EXERCISE MATERIAL START

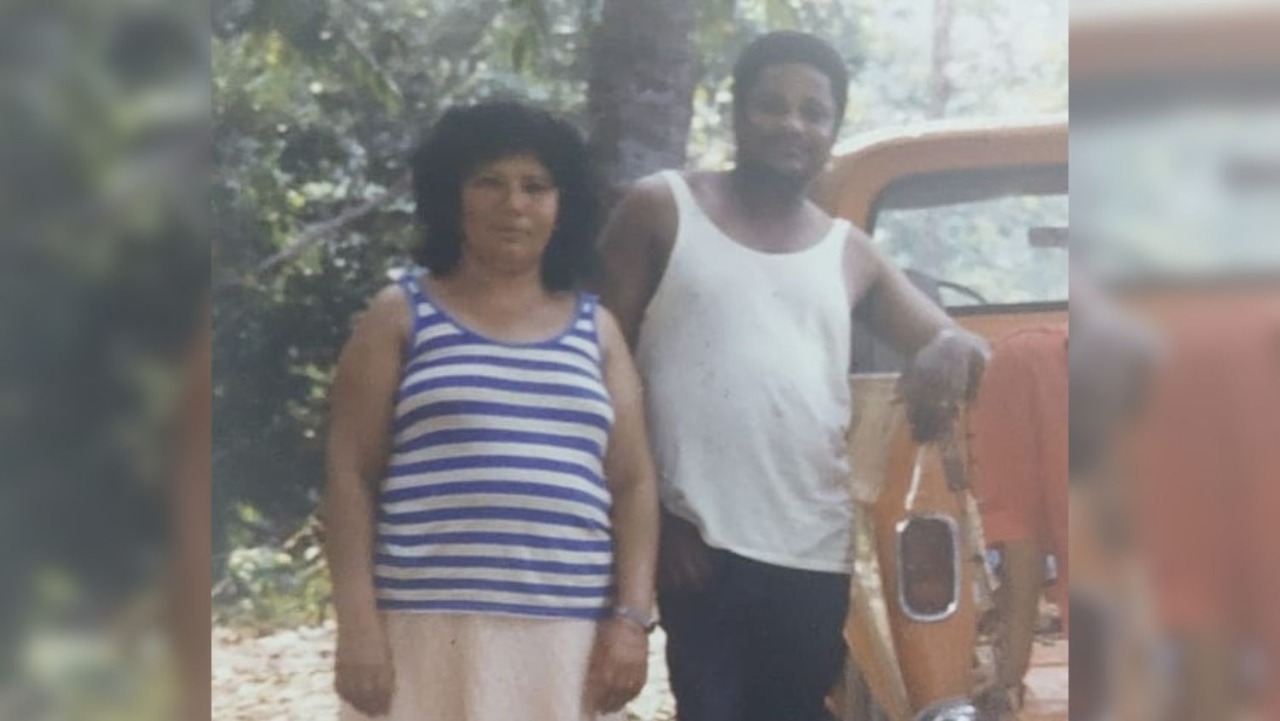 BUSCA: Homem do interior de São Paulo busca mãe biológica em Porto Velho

EXERCISE MATERIAL END
EXERCISE MATERIAL START

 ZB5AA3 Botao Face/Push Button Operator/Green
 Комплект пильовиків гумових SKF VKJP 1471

EXERCISE MATERIAL END
EXERCISE MATERIAL START

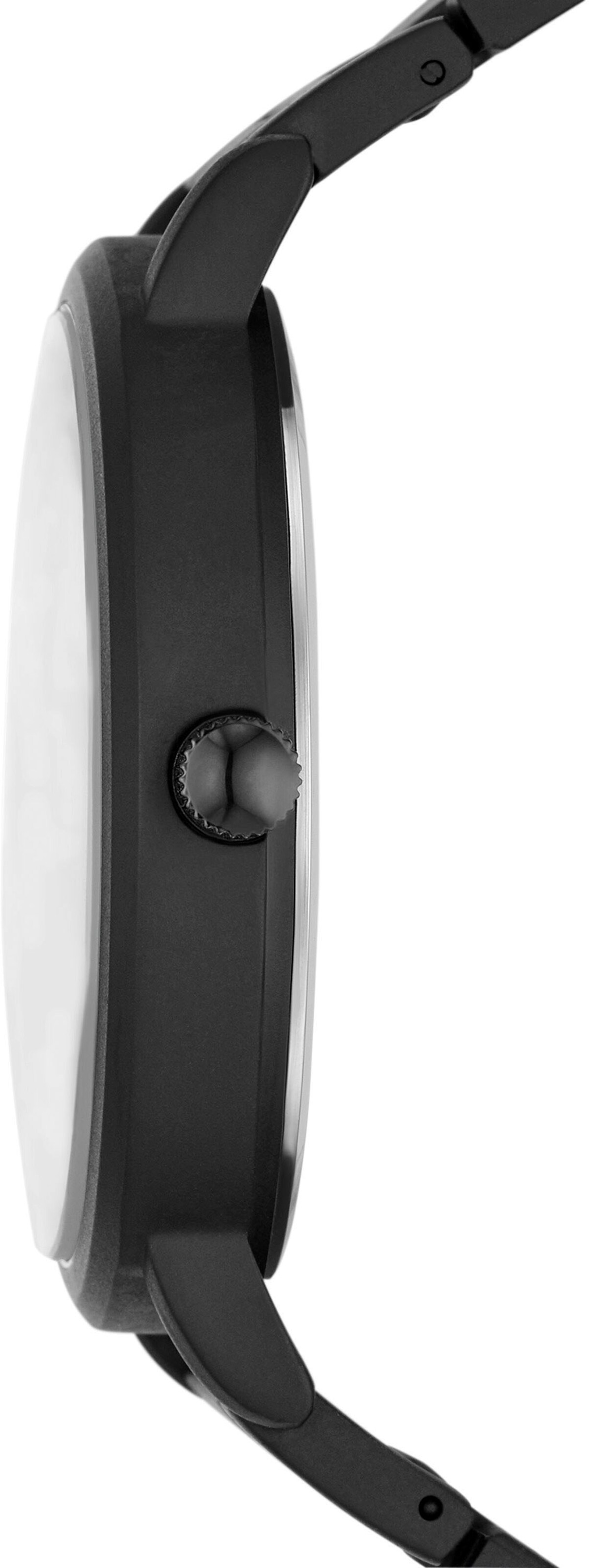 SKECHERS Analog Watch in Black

EXERCISE MATERIAL END

* **PROMPT**
Return only the stretch of the material above from the line holding "ZB5AA3 Botao Face/Push Button Operator/Green" through the line holding "Комплект пильовиків гумових SKF VKJP 1471", copied exactly.

* **ANSWER TO THIS EXERCISE**
 ZB5AA3 Botao Face/Push Button Operator/Green
 Комплект пильовиків гумових SKF VKJP 1471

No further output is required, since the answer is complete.